Godzilla as a Story Guideline

Watch a great movie like “Casablanca” or “The Shawshank Redemption” and it’s easy to be awed by story and not be able to dissect how it works. That’s why it’s often easier to dissect and understand story structure by eatching much simpler movies like any Godzilla movie from Japan.

If you visit Crackle, you can see a lot of free movies on your computer. Some popular movies on Crackle include the latest Godzilla movies. Although they’re often comical in an unintended way, Godzilla movies can show you the basic story structure.

Almost every Godzilla movie starts off with some kind of mystery that involves a monster of some sort. This grabs our attention and sets the story into motion. Now Godzilla can’t show up right away and start bashing buildings down because then the movie would be over too soon. We already know the climactic battle scene is going to involve Godzilla fighting another monster so this has to occur near the end of the movie.

Sometimes Godzilla is the bad guy and sometimes the good guy.
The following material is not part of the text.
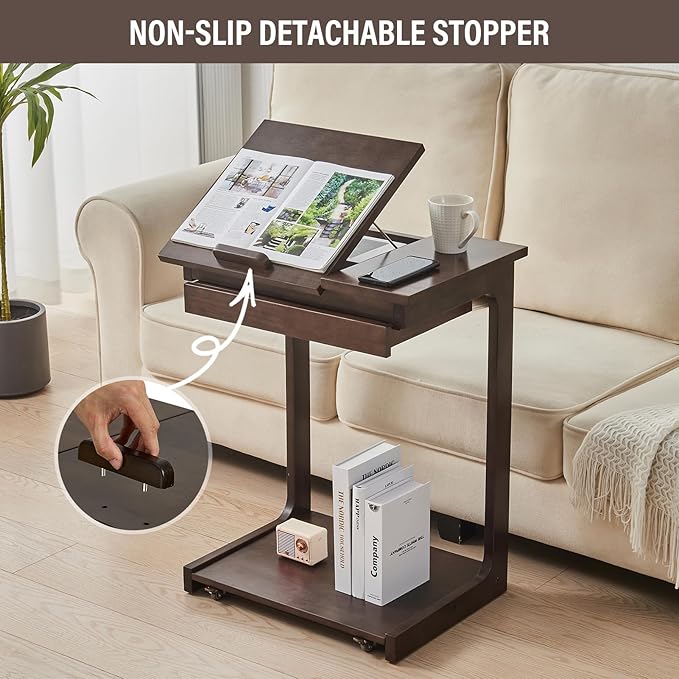 CozyDH Rolling Side Table with Wheels, Adjustable C Shaped End Table - Image 6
In any case, the story of Godzilla isn’t the whole story. There’s always a story involving people. Godzilla never changes but creates the environment for the human story so the people in the movie can achieve some kind of goal.

So there’s the story of Godzilla slowly getting drawn into a climactic battle with another monster and the human story covering people whose lives get influenced by Godzilla stomping around. These two stories slowly entwine until they smash together at the final climactic end.
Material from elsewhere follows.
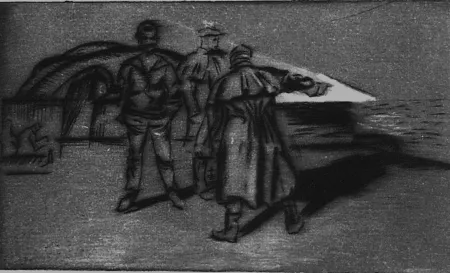 Kaltnadelradierung Bucci - Il faro di Riva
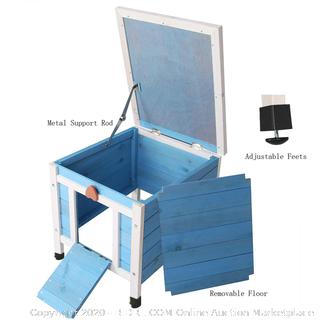 ROCKEVER Cat House Outside, Weatherproof Rabbit Hutch Small, Wooden Small Pet House and Habitats 42 x 52 x 40 cm (online $59)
Many novice screenwriters make the mistake of simply focusing on a single story, which is the journey of their hero. By ignoring the story of their villain (such as Godzilla or the monster that Godzilla is going to fight), stories that focus solely on the hero’s story feel one-dimensional and flat. Stories that consist of two or more stories feel more rounded and fleshed out.
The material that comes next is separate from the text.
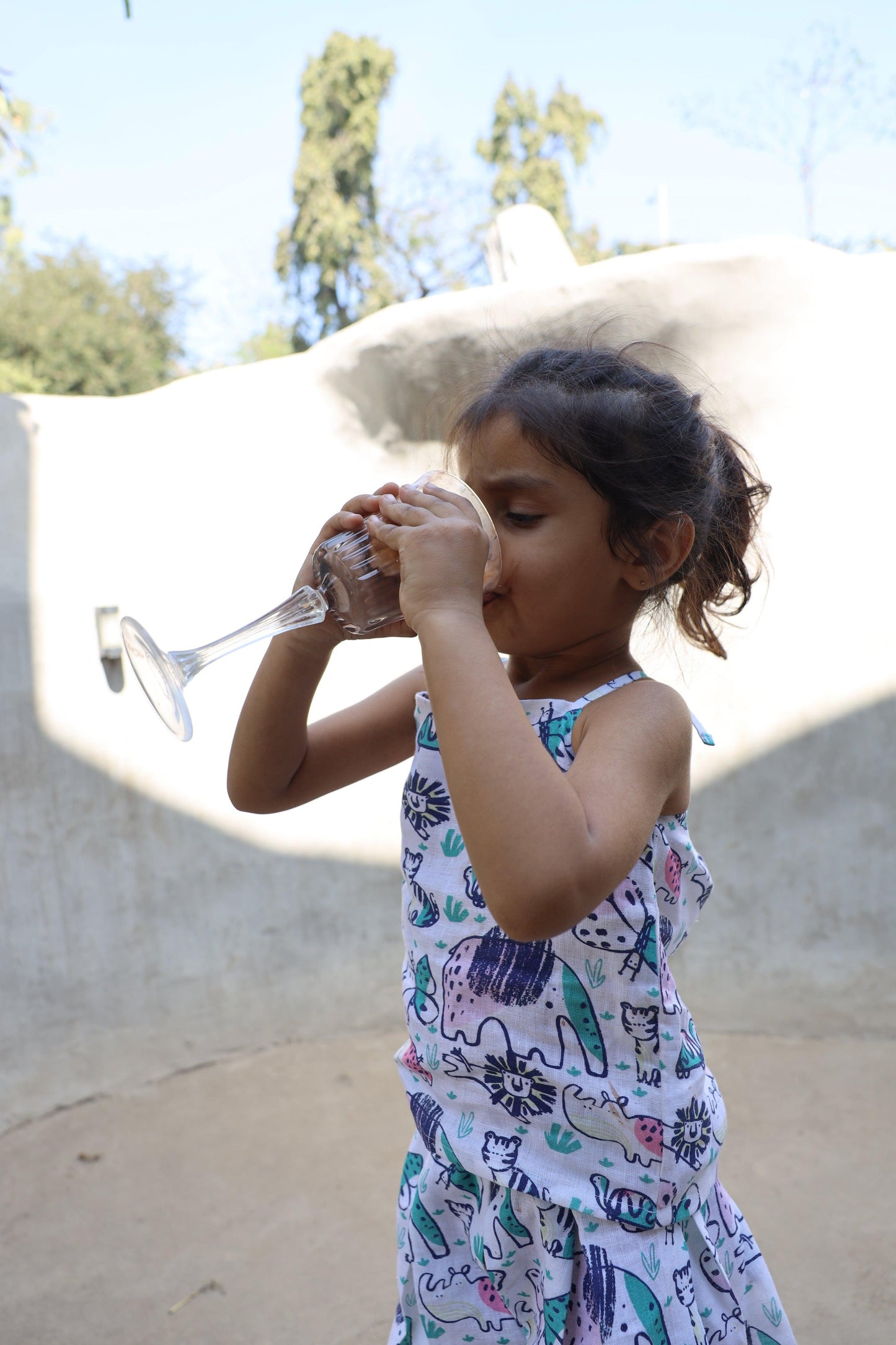 The Funny Fables Print Pure Linen Skirt top Coord Set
In a Godzilla movie, there’s the story of Godzilla getting drawn into fighting a monster. Then there’s the story of the humans trying to deal with their own problems that involve Godzilla somehow. In one Godzilla movie I saw, the hero was a woman reporter doing stories about monsters so she’s running around following Godzilla. This gives her a reason to be hanging around Godzilla.

When creating your own story, you have your villain’s story and your hero’s story. Now you need a way to make your hero linked to your villain. In Godzilla movies, the human story is never about something unrelated to Godzilla because then there’s no point in having Godzilla in the story.

Suppose you had a story about a guy who wants to leave his boring planet and have an adventure, such as Luke in “Star Wars.” Now imagine Darth Vader is running around the galaxy foreclosing on people’s homes on another planet on the other side of the galaxy. There’s no way your hero and villain can meet, so the two stories are unrelated and pointless.

Your hero’s story always has to link somehow to your villain so the two of them are bound. In a Godzilla movie, Godzilla could care less about the people running around screaming. However, the people story has to involve following Godzilla around either to fight him, save him, or just film him. The hero’s story must link to the villain’s story to create a credible overall story.

If your hero is busy pursuing one story and your villain is busy somewhere else pursuing another story, you either need to link them together or find a new hero or villain.

A story is never about just one person. A story is actually two or more stories (subplots) intertwined together like strands of rope wound around each other.

So don’t make the mistake of just focusing on one story in your screenplay. Focus on your hero’s story and your villain’s story and the relationship between the two of them. That will make your screenplay stronger and more real.